アメリカ南北戦争が終結し、解放された奴隷の黒人4人が故郷のアフリカを目指します。
4人は全員男性で、2人は兄弟、後は従弟とおじさん。
奴隷解放のゴタゴタで慰問用の楽器を持ち出しています。
おじさんはクラリネットを得意とし、他の三人はトランペットやスネアドラム、トロンボーンを演奏します。
それ以外の楽器もちゃっかりくすねて大事に持っています。
とある大型船に乗船出来ることになりますが、相手の言っていることがわからないテキトーなおじさんが交渉したその船は「香港行き」。
乗り込んでしまってしばらくの後、アフリカには行かないと気付きます。
こりゃマズイっと、備え付けの小舟を失敬して4人はアフリカを目指します。
しかし過酷な航海となり途中でおじさんは力尽きてしまい、3人は泣く泣くおじさんを海へ水葬します。
荒ぶる海からどうにか辿り着いた陸地は鎖国している日本。
小田原藩が救出しますが、江戸にバレたら大変なことに・・
しかし明治維新のきな臭さがあり、アメリカと対峙する可能性があるため、亡き者にも出来ず。
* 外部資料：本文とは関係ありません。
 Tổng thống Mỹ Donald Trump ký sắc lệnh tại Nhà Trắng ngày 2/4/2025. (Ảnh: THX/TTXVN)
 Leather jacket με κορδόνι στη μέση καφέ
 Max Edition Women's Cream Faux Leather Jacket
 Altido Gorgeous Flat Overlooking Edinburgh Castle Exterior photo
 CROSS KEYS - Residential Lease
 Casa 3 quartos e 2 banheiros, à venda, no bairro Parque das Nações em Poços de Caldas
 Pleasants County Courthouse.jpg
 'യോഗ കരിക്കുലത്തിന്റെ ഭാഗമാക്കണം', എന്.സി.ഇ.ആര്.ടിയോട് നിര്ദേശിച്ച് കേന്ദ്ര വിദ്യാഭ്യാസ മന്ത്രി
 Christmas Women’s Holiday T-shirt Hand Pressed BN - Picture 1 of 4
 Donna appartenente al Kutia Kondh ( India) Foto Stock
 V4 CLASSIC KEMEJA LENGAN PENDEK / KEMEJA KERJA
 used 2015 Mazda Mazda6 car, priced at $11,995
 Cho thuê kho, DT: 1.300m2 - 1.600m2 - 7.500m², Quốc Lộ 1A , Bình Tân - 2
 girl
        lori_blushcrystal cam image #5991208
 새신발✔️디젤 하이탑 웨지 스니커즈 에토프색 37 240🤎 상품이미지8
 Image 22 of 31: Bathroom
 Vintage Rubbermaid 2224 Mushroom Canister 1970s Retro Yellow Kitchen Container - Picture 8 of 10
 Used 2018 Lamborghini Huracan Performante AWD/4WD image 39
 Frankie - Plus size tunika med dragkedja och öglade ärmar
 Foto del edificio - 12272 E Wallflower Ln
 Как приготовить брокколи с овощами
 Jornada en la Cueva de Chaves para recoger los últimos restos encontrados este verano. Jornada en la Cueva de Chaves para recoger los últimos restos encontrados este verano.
そこで隣の海無しの大久保教義こと千葉雄大さんが藩主の小さな藩へ押し付けます。
千葉さんの藩はもちろん持て余しますが、大きな藩からの「預かりもの」を邪険にも出来ず、地下牢に3人を留置することにします。
すると、夜な夜な地下から謎の音が聞こえて来ます。
好奇心いっぱいの若い藩主の千葉さんは気になって仕方ありません。
しかし、異国人と藩主を会わせる訳には絶対に行かないため、家老・石出九郎左衛門こと隆は気が抜けません。
その頃の城下では農民が西から伝え聞いた「ええじゃないか」を思い思いに歌ったり踊ったりしています。
この行為は実は倒幕を目論む要素があり、そんなことを知らない農民はご陽気に「ええじゃないか」を楽しんでしまっています。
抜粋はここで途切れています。